In this light, we might ask ourselves: would it be better to adopt a Philosophy of Life instead?
The most important reason for adopting a philosophy of life, though, is that if we lack one, there is a danger that we will mislive – that we will spend our life pursuing goals that aren’t worth attaining or will pursue worthwhile goals in a foolish manner and will therefore fail to attain them.
The Importance of a Philosophy of Life
In contrast to our evolutionary programming, a Philosophy of Life can help us to seize our one chance at living. Without a Philosophy of Life, a real danger exists. We might pursue valueless things and therefore waste our lives. In contrast, a Philosophy of Life helps us to discern between what is worth pursuing and what isn’t. It offers us help for decision-making. It also simplifies daily living. Our decisions become relatively straightforward. If we don’t have a philosophy in life, we will have difficulties making choices. If we have a philosophy in life, choices become simple: we choose what is more likely to help us attain our grand goal. Additionally, a Philosophy of Life can make us more accepting of death. By knowing what was worth pursuing, we spent our time pursuing it and attained it to the extent that it was possible for us. Thus, while others will desperately want to delay death, even though we might still want to prolong our lives, there’s a good chance we won’t feel cheated in the end.

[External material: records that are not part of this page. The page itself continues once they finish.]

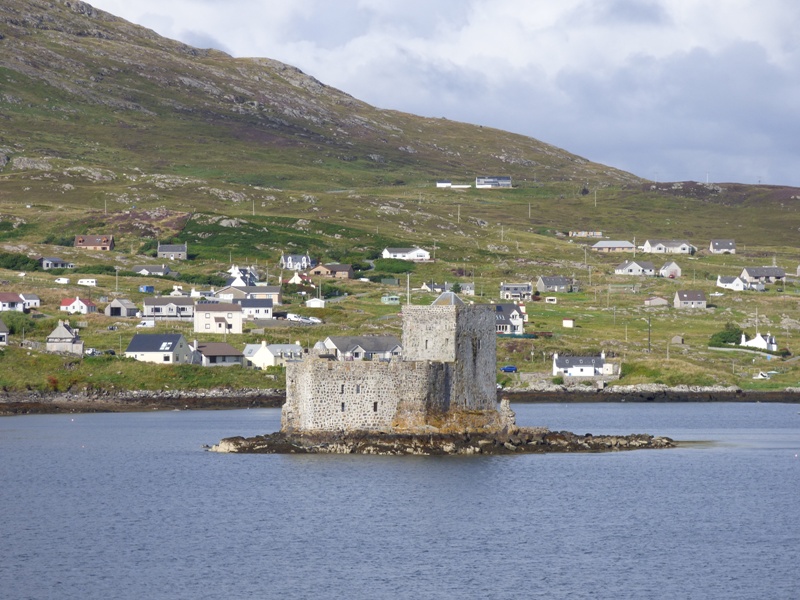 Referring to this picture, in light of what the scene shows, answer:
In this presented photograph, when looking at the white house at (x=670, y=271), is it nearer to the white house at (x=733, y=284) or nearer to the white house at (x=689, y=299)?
the white house at (x=733, y=284)

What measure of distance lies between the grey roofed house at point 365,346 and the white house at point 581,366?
14.1 meters

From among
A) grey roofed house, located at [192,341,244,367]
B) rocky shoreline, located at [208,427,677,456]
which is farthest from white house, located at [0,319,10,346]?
rocky shoreline, located at [208,427,677,456]

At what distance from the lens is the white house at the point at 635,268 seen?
185 m

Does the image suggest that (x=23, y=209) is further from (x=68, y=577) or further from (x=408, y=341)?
(x=68, y=577)

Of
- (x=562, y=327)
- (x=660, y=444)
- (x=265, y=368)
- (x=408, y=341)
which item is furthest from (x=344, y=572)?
(x=562, y=327)

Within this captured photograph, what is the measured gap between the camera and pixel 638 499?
50000mm

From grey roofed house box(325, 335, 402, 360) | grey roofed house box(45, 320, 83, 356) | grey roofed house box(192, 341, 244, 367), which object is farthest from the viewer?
grey roofed house box(192, 341, 244, 367)

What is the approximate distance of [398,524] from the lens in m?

I think the biggest mistake, the one made by a huge number of people, is to have no philosophy of life at all.
Even though adopting a Philosophy of Life is rarely encouraged by society and most people, it can save you from wasting your life. A grand goal and an efficient strategy for attaining it might help you to pursue what is meaningful, instead of what is expedient and in the end, you may look back on your life without regrets but joy. Joy for a life well-lived.